In the case where it is expressly agreed so in the licence agreement, the acquirer may grant sub-licences, i.e. conclude contracts with other persons on the granting of authorisation to exercise the right to use the software. The legal regulation of the licence agreement in Sections 46 to 56 of the Copyright Act shall apply to sub-licences by analogy.
In the case where the Copyright Act does not contain direct regulation, it is appropriate to pay attention to whether the licence agreement is a commercial obligatory relationship and is therefore governed by Part Three of the Commercial Code or whether the regulation of the Civil Code applies. In the case of an agreement that the obligatory legal relationship is governed by the Commercial Code pursuant to Section 262 of the Commercial Code, it is necessary to bear in mind the fact that if “such agreement tends to worsen the legal position of a party to the contract who is not a businessperson, it is invalid” (Section 262(1) of the Commercial Code). Likewise, regulation concerning consumer contracts cannot be contractually excluded.

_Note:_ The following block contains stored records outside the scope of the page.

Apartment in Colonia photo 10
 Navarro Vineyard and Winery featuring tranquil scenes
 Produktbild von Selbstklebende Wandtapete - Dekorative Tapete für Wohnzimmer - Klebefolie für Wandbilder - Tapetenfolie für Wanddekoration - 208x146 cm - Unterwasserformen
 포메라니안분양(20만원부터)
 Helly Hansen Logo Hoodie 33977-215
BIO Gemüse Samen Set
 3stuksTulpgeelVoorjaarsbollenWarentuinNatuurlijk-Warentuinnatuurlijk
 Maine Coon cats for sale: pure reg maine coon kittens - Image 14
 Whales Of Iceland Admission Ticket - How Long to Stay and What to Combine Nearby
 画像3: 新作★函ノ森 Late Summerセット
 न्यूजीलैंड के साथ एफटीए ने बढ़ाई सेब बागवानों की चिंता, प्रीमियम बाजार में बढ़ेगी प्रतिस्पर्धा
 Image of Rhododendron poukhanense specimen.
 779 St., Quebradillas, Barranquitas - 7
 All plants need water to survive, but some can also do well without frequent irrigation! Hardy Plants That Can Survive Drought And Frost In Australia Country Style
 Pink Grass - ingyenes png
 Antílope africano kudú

Finally, one cannot forget the situation where the software provided does not have the characteristics agreed in the contract - the software has defects. For this case it is appropriate that the software be specified as precisely as possible in the licence agreement, with the recommendation that this extensive specification be part of the contract in the form of an annex. In the case where a warranty has been agreed (unilaterally provided) for the software provided, the legal relations are governed primarily by this warranty. On the contrary, cases may be contentious where a warranty for the software was not provided or where the warranty does not cover certain situations in asserting liability for defects; this issue, however, far exceeds the scope of this article.
This text was translated from Czech to English using an AI translator.